Wenn der Nichtextremist in seiner körperlichen Begrenztheit die Treppe endlich hinter sich gebracht hat und schnaufend die mit rotem Marmor ausgekleidete große Halle betritt, dann wartet der ungebrochene Stolz des Deutschen auf ihn. 119 Männer und nur 13 Frauen, die sich in deutscher Sprache unsterblich gemacht haben durch herausragende Leistungen der Staatskunst, der Wissenschaft oder der Künste blicken stumm auf ihn herab. Von mittelalterlichen Königen und Kaisern, von Barbarossa bis zum alten Fritz, von Luther bis Konrad Adenauer, von Goethe und Schiller bis Sophie Scholl – sie alle sind hier als Marmorbüsten verewigt.

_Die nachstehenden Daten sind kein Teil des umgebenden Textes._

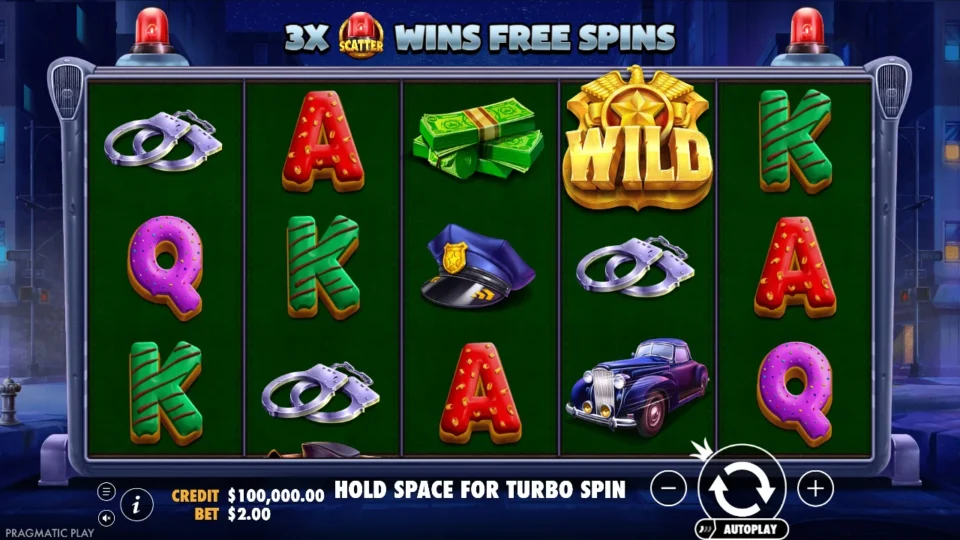 Cash Patrol: Base reels under the three-siren banner: three of them on the middle reels start eight free spins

Währt wahrer Ruhm wirklich ewig?

Da schlurft er also entlang, der dem Deutschen zugewandte Nichtextremist, ein Durchschnittsmensch in Freizeitkleidung und praktischem Schuhwerk, schlendert entlang an dieser übermächtigen nationalen Ahnengalerie, duckt sich weg unter dem Druck der Geschichte, der Last von Verantwortung und Wissen, von Mut und Demut und Übermut, eingeschüchtert vom dröhnenden Schweigen dieser verewigten Matadoren des Deutschen.

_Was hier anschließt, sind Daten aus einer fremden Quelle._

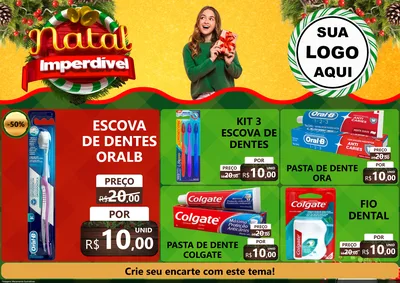 Modelo de Encarte para Encarte A4 Horizontal com o tema Natal Imperdível para Higiene Pessoal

Verewigt! Währt wahrer Ruhm wirklich ewig? Viele in den Büsten Abgebildete sind längst weitgehend vergessen, und ohne scheuen Blick auf den Museumsführer oder in das allwissende Netz entschlüsselt sich oft ihre historische Bedeutung nicht. Der Ruhm verblasst. Immerhin gab es in der Walhalla seit ihrer Eröffnung noch nie die Not, eine Büste wieder entfernen zu müssen. Als Adolf Hitler im Jahr 1937 dorthin kam, um das Marmor-Ebenbild des von ihm verehrten Komponisten Anton Bruckner zu enthüllen, mag er gewiss gehofft haben, einst selbst hier gemeißelt herabzublicken. Aber die bis heute gültige, kluge Regel, dass man mindestens zwanzig Jahre tot sein muss, um überhaupt in die Erwägung einer Aufnahme in den Ehrentempel gezogen zu werden, schützt vor vorschneller Ehrung, die man dann später peinlich korrigieren müsste.

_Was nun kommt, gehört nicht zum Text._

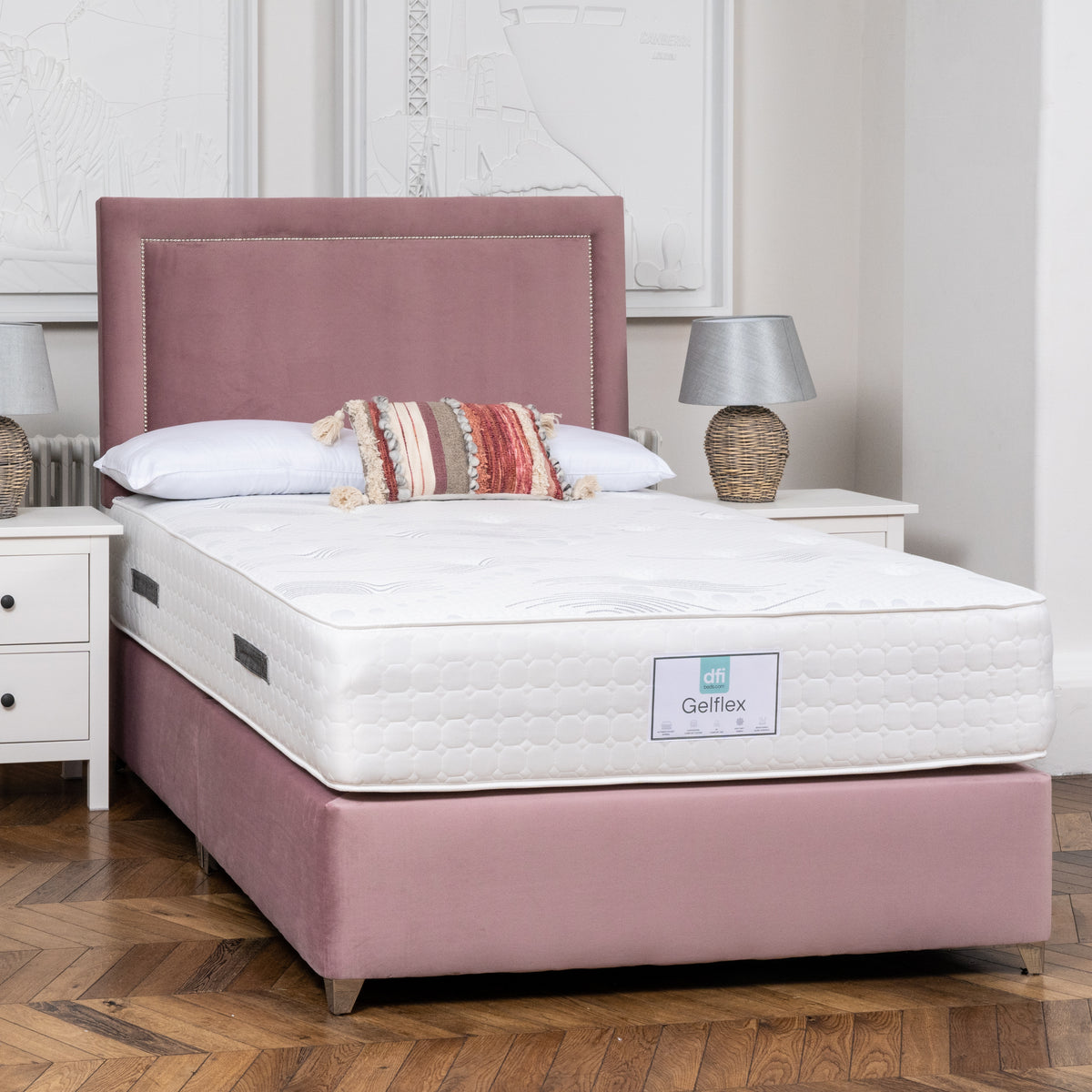 DFI's Pink Edition Divan Bed Set with Mattress Option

Der Stolz der Deutschen? Die traurigen Reste der „Siegesallee“ von Berlin, jetzt als Dauerausstellung in der Zitadelle Spandau.

Die Walhalla stand schon sechzig Jahre, als der deutsche Kaiser Wilhelm II. eine ähnliche Idee für Berlin hatte. Er verfügte im deutsch-nationalen Siegesrausch nach dem gewonnenen Frankreich-Krieg von 1870/71 den Bau einer „Siegesallee“ quer durch den Tiergarten. 32 Denkmalgruppen wurden dafür flugs gemeißelt und innerhalb von sechs Jahren entlang eines Prachtboulevards aufgestellt.

Schon bald wurde die Siegesallee als „Puppenallee“ verspottet

Aber die Welt ist ungerecht. Während die bayerische Walhalla alle Unbill der nachfolgenden Geschichte weitgehend unbeschadet überstand, war der von der Berliner Bevölkerung schon bald als „Puppenallee“ verspotteten Siegesallee nur eine kurze Lebensdauer gegönnt. Diese Figuren hatten es schwer: Sie standen inmitten des Tumults der deutschen Reichshauptstadt im Freien und nicht in der Provinz gut geschützt im Tempel oberhalb der Donau. Schon zwanzig Jahre nach ihrer Fertigstellung, während der unruhigen Wochen der deutschen Novemberrevolution 1918, wurden sie rüpelhaft beschädigt und beschmiert. Dann standen sie den Plänen der Nationalsozialisten im Weg, was aus heutiger Sicht eine Ehre ist. So wurden die Skulpturen der Siegesallee zu Verlierern der Geschichte, umgesetzt, im Krieg erneut beschädigt und schließlich auf Kommando der Alliierten ganz abgeräumt und zum größten Teil im Park vergraben.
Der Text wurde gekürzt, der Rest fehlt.